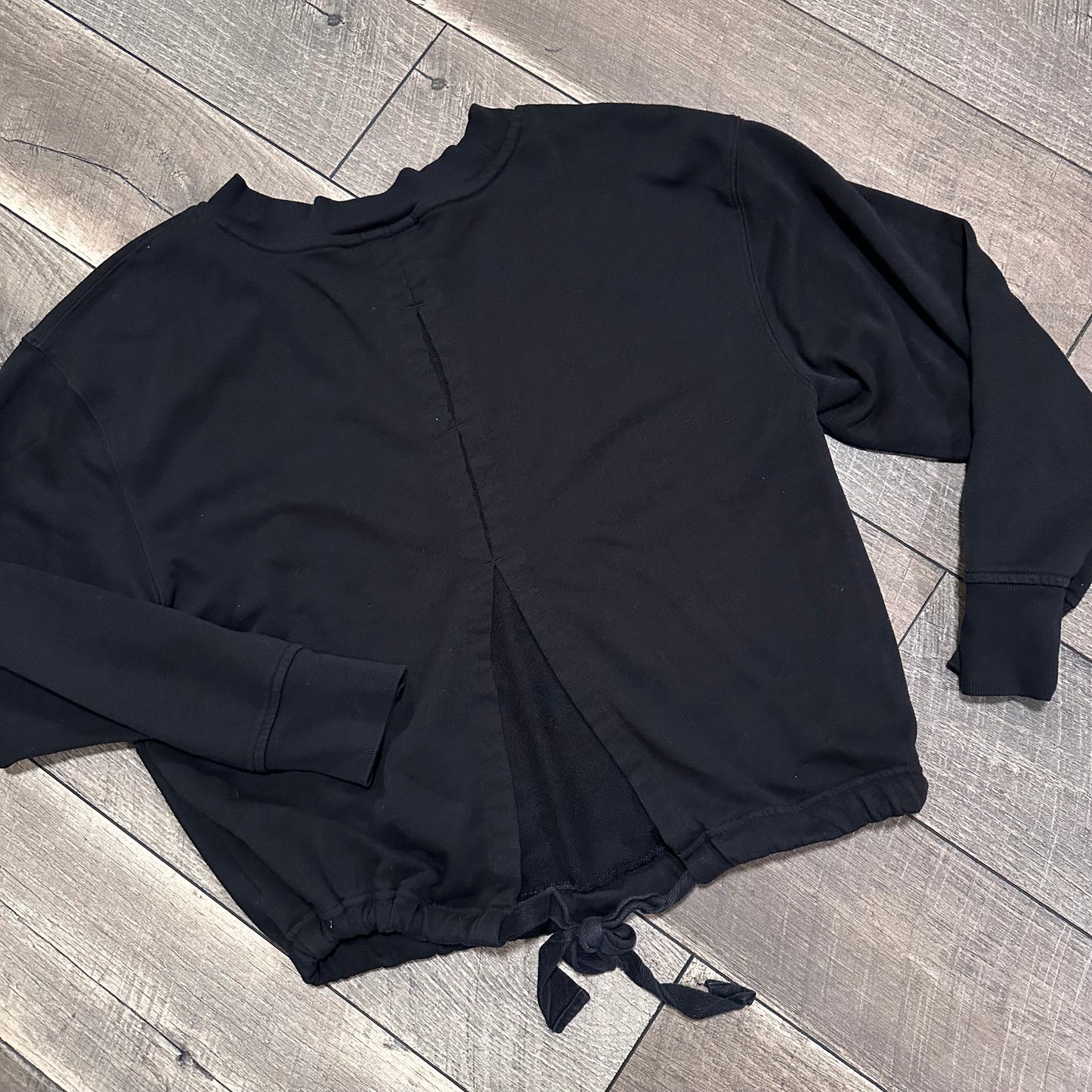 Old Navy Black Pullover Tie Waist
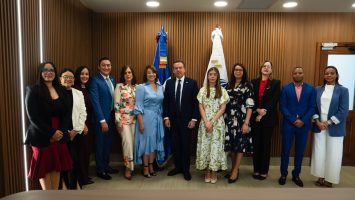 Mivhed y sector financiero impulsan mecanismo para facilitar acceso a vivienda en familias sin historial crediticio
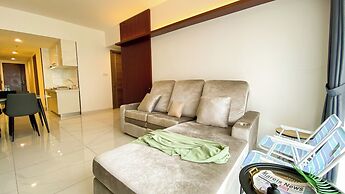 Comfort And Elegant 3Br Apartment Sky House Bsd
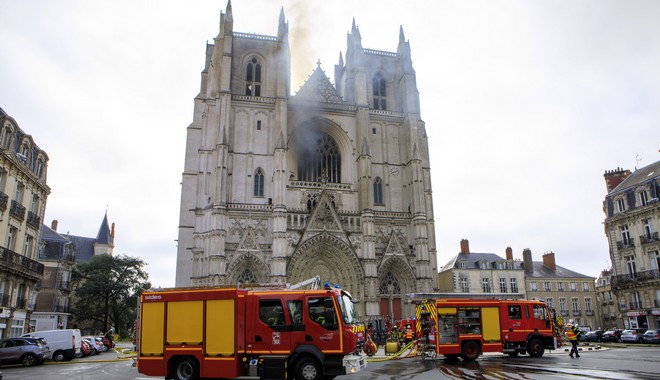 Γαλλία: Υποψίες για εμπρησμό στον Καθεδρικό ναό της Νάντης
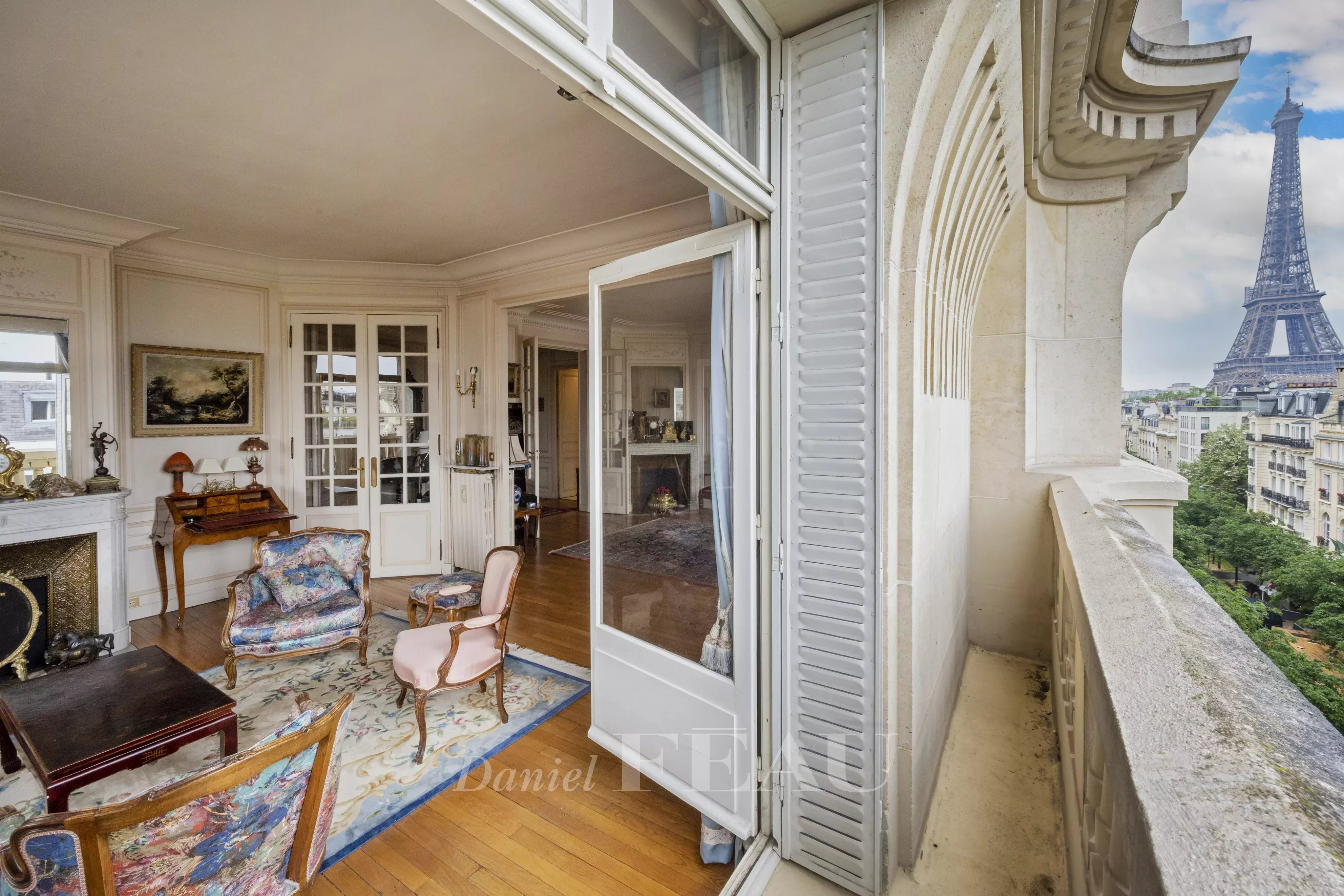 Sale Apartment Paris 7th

__________________________________________________

Work to be completed
Set down, word for word, only the lines running from the line with "Comfort And Elegant" through the final line of the entries above, omitting all pictures.

Answer to the problem
 Comfort And Elegant 3Br Apartment Sky House Bsd
 Γαλλία: Υποψίες για εμπρησμό στον Καθεδρικό ναό της Νάντης
 Sale Apartment Paris 7th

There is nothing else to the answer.